Dernier défi, celui de la création. Beaucoup considèrent que les écrivains francophones sont là pour donner des nouvelles de leur pays, des nouvelles des drames, des nouvelles de la faim, des nouvelles du sida. Donc, on ne les interroge pas sur leurs poèmes, de leurs pièces de théâtre, leurs romans, leur esthétique, leur style, leur écriture.

Souvenez-vous de la phrase de Sartre : « Aucun livre ne tient devant un enfant qui meurt de faim. » Il avoué lui-même ensuite qu'il avait eu tort de dire cela parce que, au contraire, c'est la parole d'écriture qui permet de poser les vraies questions, et surtout de les pérenniser, et encore plus de les transmettre, ce qui est encore la meilleure façon de les dénoncer.

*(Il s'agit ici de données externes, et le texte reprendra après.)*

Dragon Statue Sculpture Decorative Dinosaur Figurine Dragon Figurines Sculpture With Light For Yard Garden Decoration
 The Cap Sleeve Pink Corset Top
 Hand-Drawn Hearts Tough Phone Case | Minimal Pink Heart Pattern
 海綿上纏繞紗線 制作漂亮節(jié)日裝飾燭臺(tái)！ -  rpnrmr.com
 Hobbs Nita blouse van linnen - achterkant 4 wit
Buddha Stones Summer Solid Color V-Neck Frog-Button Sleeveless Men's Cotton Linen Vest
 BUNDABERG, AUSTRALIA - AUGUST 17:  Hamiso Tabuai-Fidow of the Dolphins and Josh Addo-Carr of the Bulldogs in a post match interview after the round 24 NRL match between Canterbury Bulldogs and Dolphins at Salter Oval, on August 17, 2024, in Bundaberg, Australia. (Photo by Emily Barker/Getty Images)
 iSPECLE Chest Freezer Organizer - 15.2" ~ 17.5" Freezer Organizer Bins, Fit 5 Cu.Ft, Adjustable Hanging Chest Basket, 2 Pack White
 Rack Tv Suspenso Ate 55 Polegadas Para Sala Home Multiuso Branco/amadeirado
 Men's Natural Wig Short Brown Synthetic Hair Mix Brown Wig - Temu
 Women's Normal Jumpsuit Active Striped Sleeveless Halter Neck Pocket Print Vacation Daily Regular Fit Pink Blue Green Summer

Revenir à l'écriture, revenir au travail, c'est le vrai défi, indépendamment de nos fonctions d'enseignants, de nos fonctions de transmetteurs, de nos fonctions de journalistes, de nos fonctions de témoins, de nos fonctions de promoteurs de langues, qu'elles soient africaines, françaises, il y va avant tout du devoir d'écrire.

Dans la pièce magnifique de Wajdi Mouawad, présentée dernièrement, il y a une très belle scène : une vieille grand-mère avant de mourir dit à une petite fille : « Je te demande de me promettre quatre choses, quatre choses seulement : apprends à lire, apprends à écrire, apprends à parler et tu pourras penser. »

Je termine avec une phrase de Khalil Gibran, encore un autre grand francophone, qui disait : « Prêtez-moi une oreille et je vous donnerai une voix. »

Voilà ce que nous souhaitons tous, la possibilité dans tous les domaines de la chaîne du livre, de prêter l'oreille à toutes les voix qui s'offrent dans le monde francophone.